* Instructions for the task
Beginning at the top of the entries below, retype each line exactly until the line containing "EIN HELLES LOFT" has been written out; include no pictures and no later lines.

* Data shown
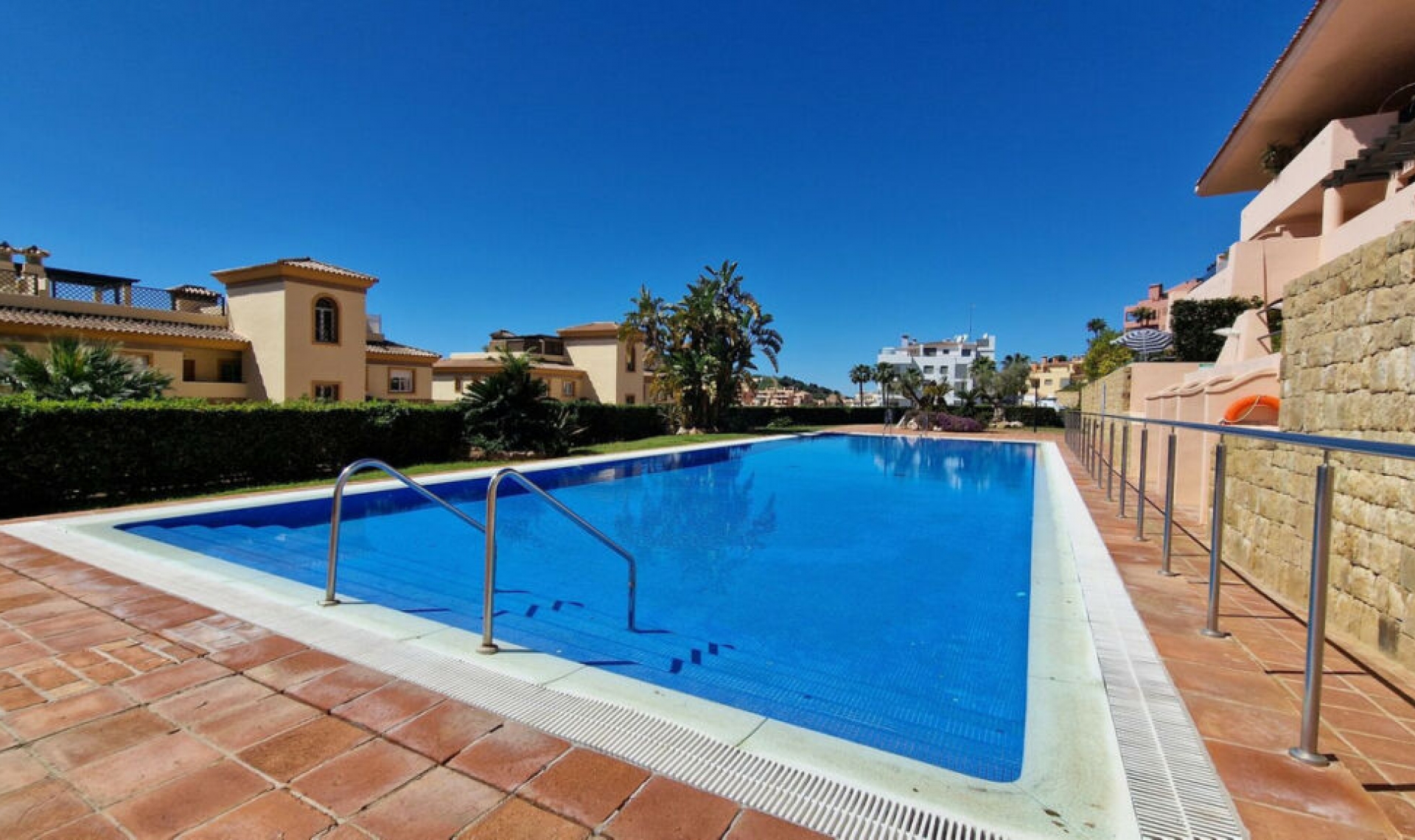 Další prodej - Apartment -
Calahonda
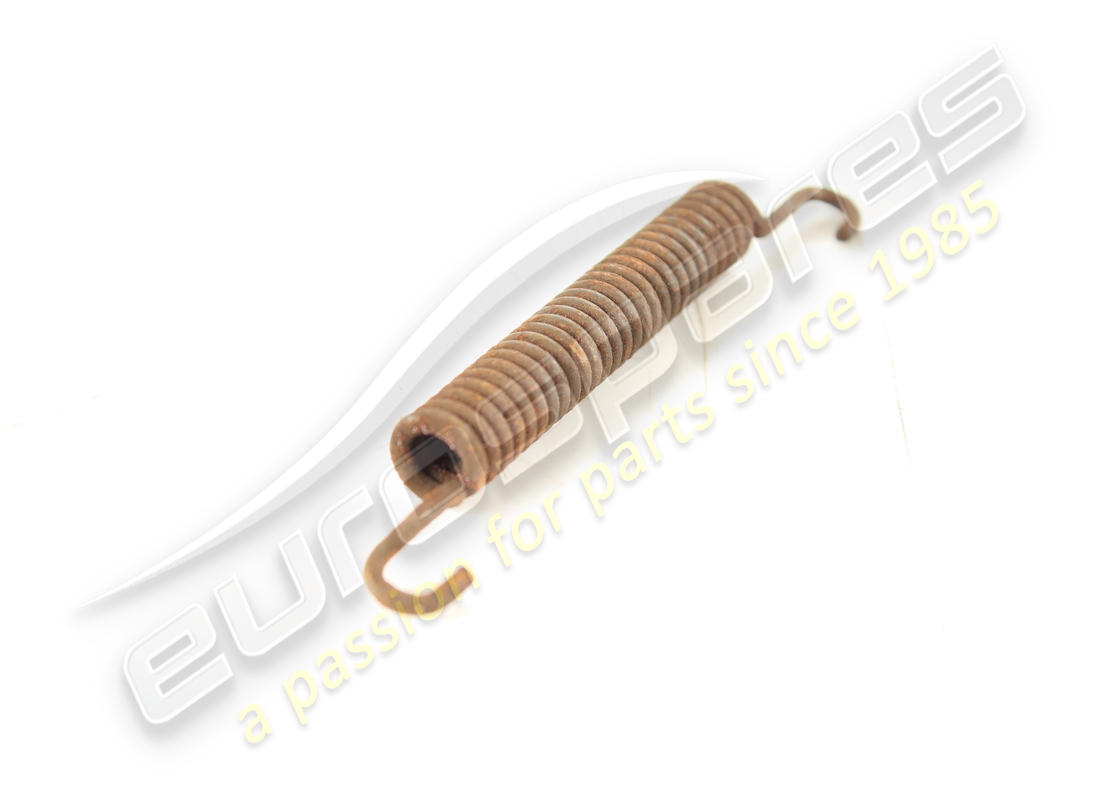 USED MASERATI SHORT TRACTION SPRING . PART NUMBER 190779 (1)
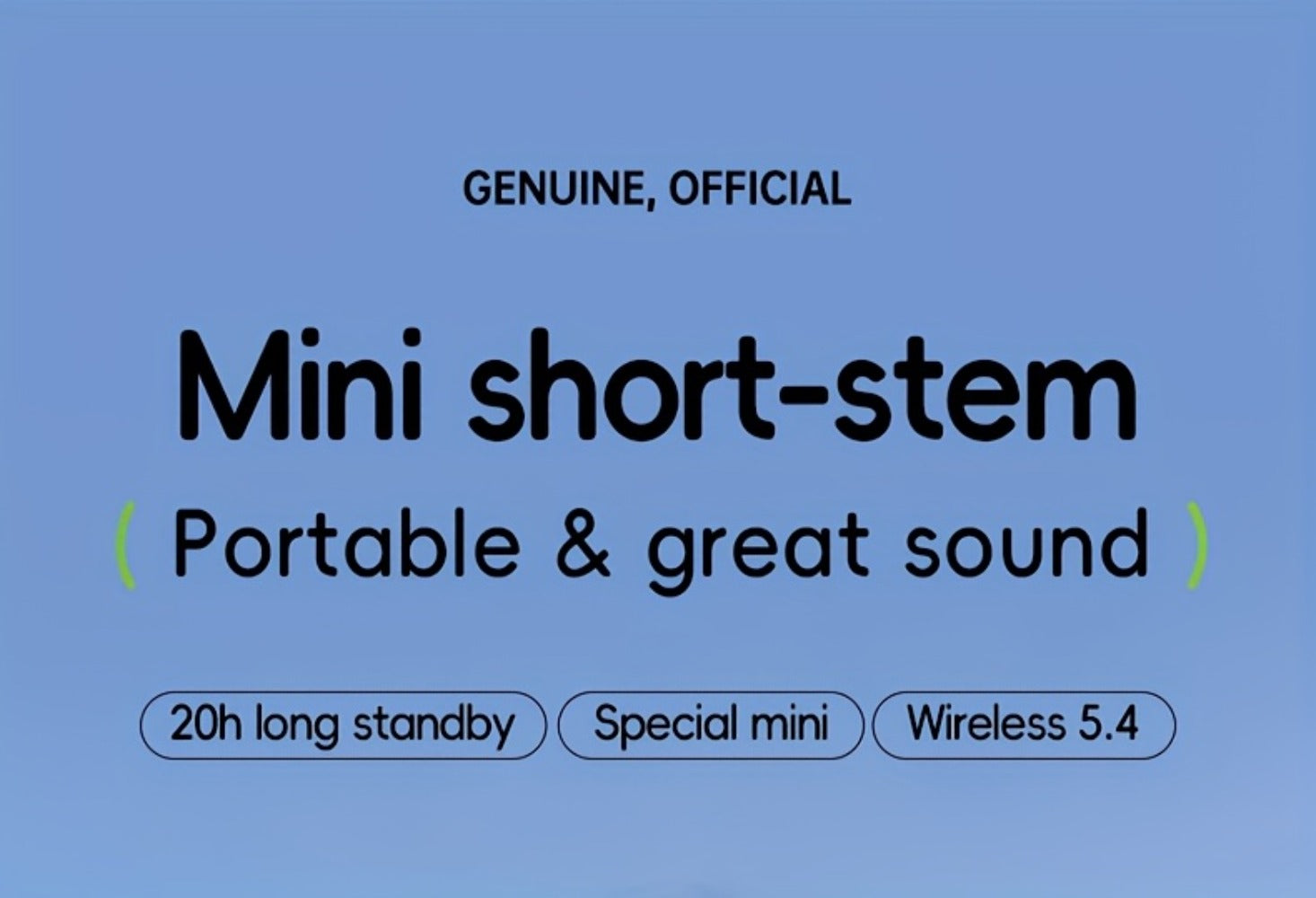 Wireless Earbuds detail view 14 for Australian shoppers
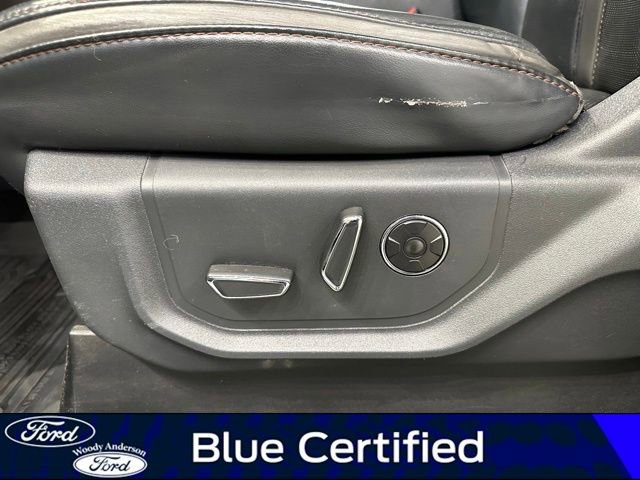 Certified 2022 Ford F450 Platinum image 21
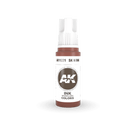AK Interactive 3rd Gen Acrylic Skin INK 17ml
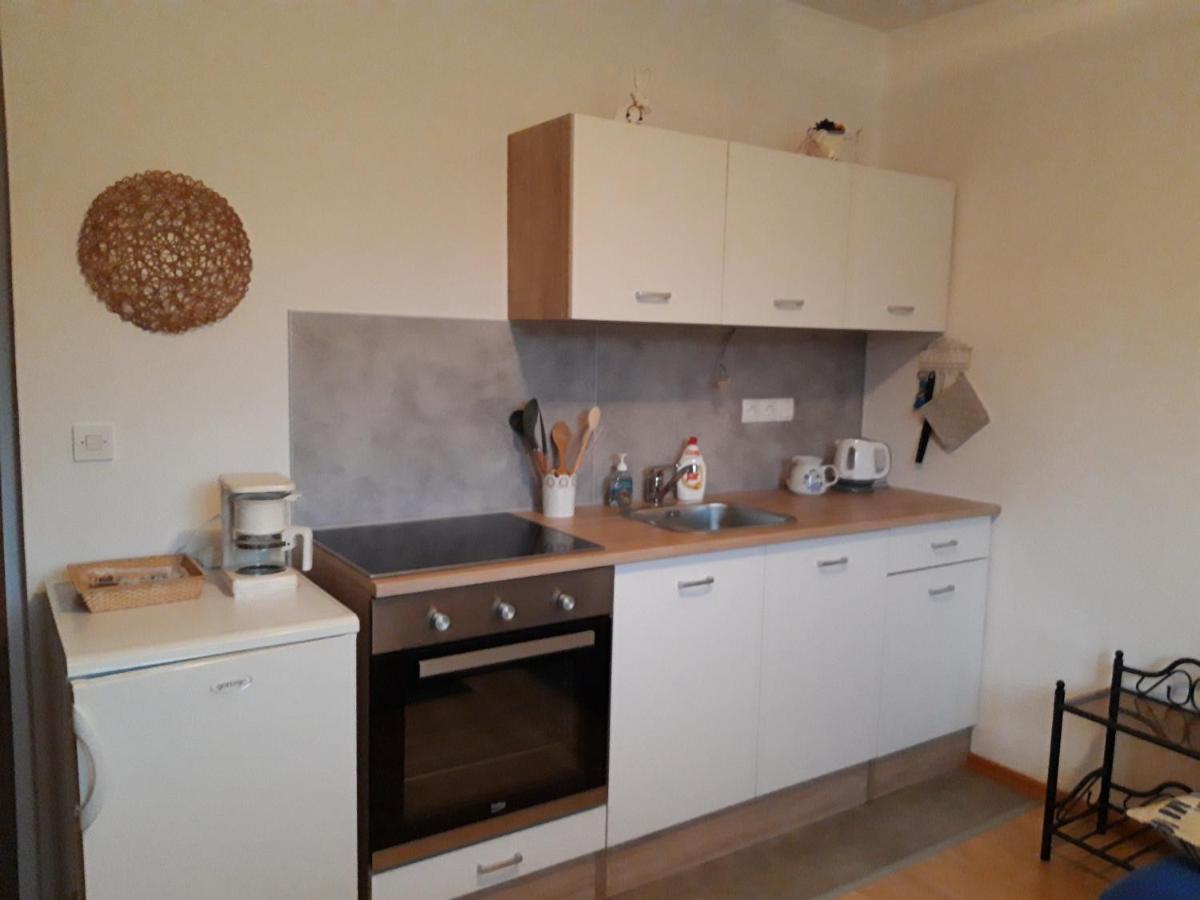 Apartma Anton Bled Exterior foto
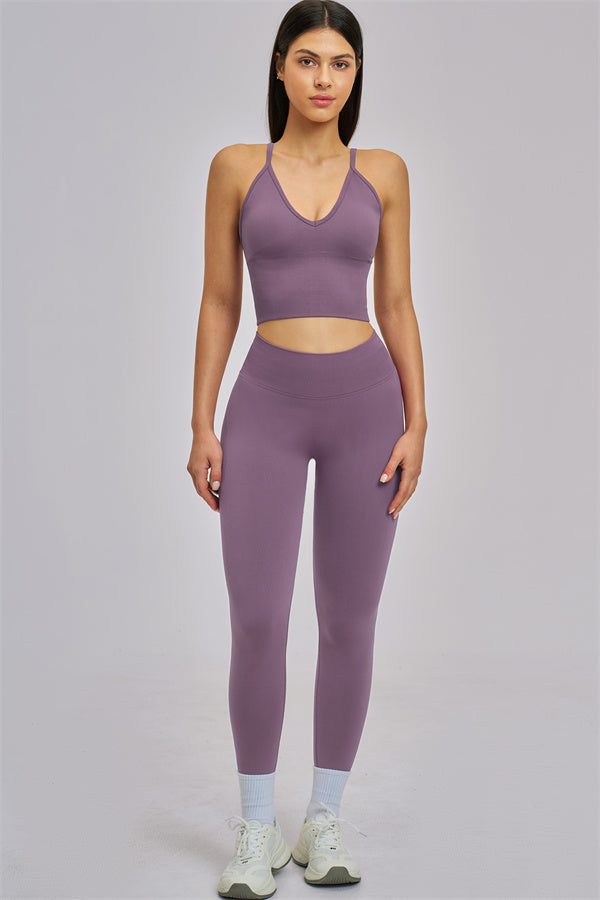 The Vision Tank Top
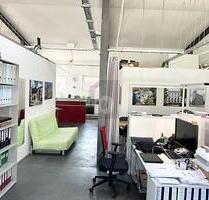EIN HELLES LOFT IN HOHELUFT ZUR UNTERMIETE - Hamburg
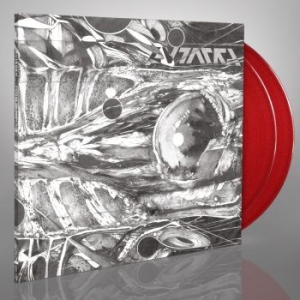 Autarkh - Form In Motion (2 Lp Red Vinyl) in the group VINYL / Hårdrock/ Heavy metal at Bengans Skivbutik AB (3968797)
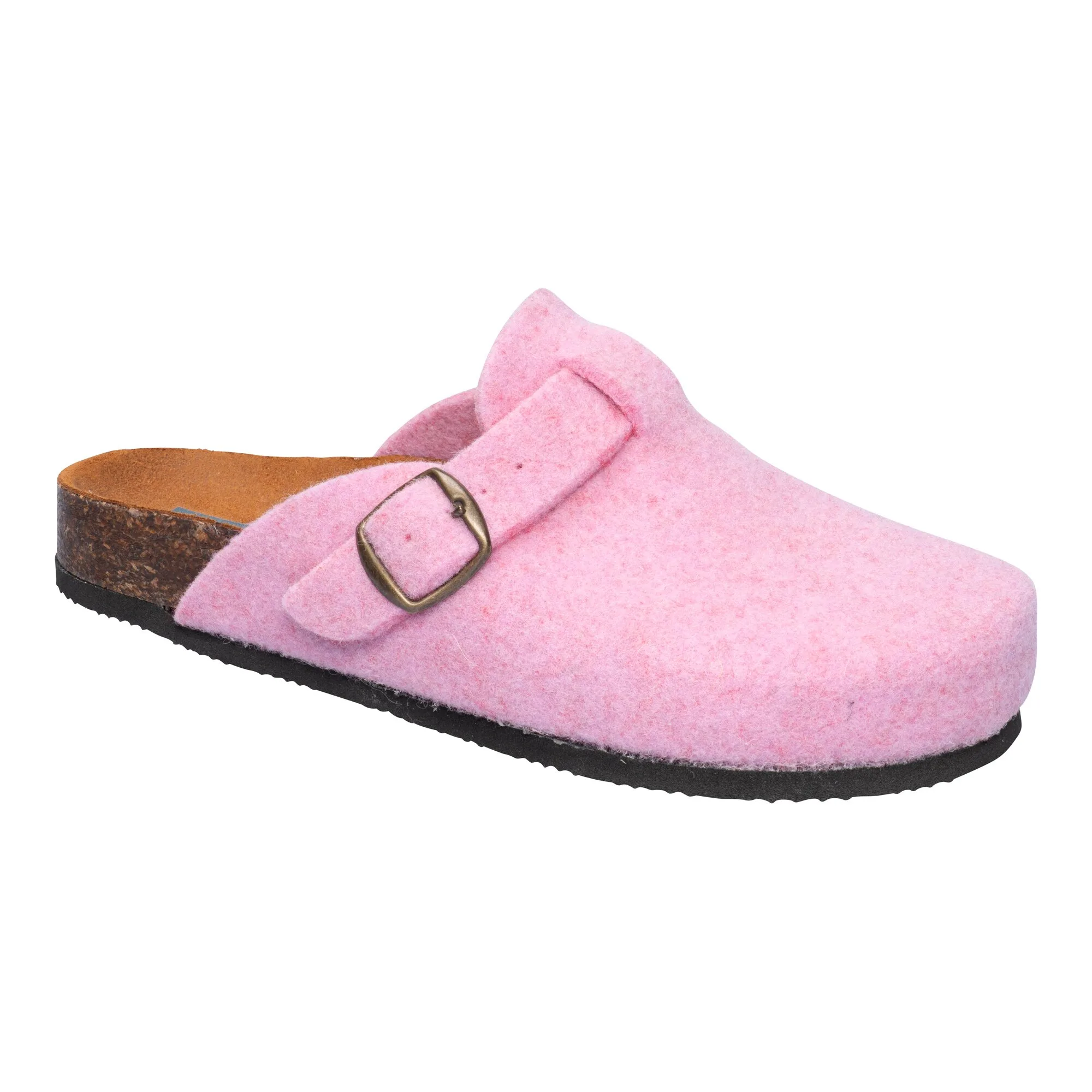 MODERNE HAUSFRAU Clog 39 pink - MODERNE HAUSFRAU - FashionsVida
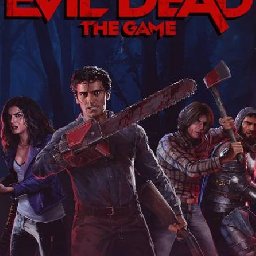 Evil Dead 11% OFF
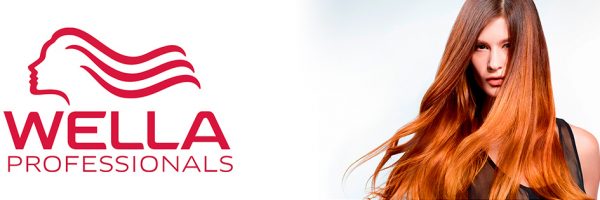 wella profesional peluquería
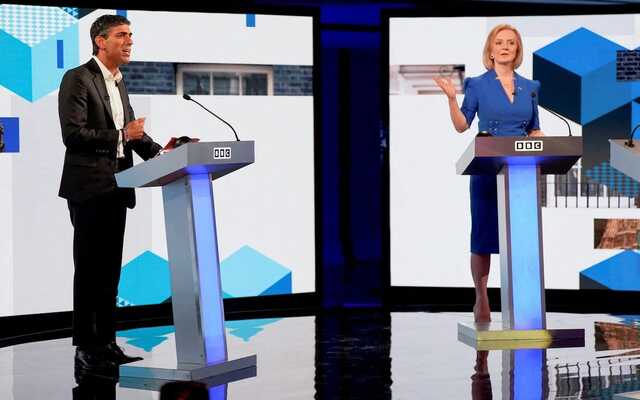 В Британии отложили голосование за нового премьера: в чем причина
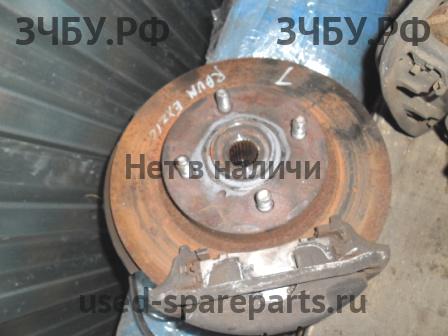 Toyota Raum 1 Ступица передняя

* Answer for the task
 Další prodej - Apartment -
Calahonda
 USED MASERATI SHORT TRACTION SPRING . PART NUMBER 190779 (1)
 Wireless Earbuds detail view 14 for Australian shoppers
 Certified 2022 Ford F450 Platinum image 21
AK Interactive 3rd Gen Acrylic Skin INK 17ml
 Apartma Anton Bled Exterior foto
 The Vision Tank Top
EIN HELLES LOFT IN HOHELUFT ZUR UNTERMIETE - Hamburg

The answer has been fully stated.